» **Brief**:
Transcribe the data that follows precisely, omitting nothing.

» **Supplied material**:
═══

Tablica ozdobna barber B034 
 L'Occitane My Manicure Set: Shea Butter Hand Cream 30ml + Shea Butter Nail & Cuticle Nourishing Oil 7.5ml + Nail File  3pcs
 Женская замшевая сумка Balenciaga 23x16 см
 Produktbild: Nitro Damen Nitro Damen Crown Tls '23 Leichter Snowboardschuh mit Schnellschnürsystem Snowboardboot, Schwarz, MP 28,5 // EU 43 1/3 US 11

═══

» **Completed task**:
Tablica ozdobna barber B034 
 L'Occitane My Manicure Set: Shea Butter Hand Cream 30ml + Shea Butter Nail & Cuticle Nourishing Oil 7.5ml + Nail File  3pcs
 Женская замшевая сумка Balenciaga 23x16 см
 Produktbild: Nitro Damen Nitro Damen Crown Tls '23 Leichter Snowboardschuh mit Schnellschnürsystem Snowboardboot, Schwarz, MP 28,5 // EU 43 1/3 US 11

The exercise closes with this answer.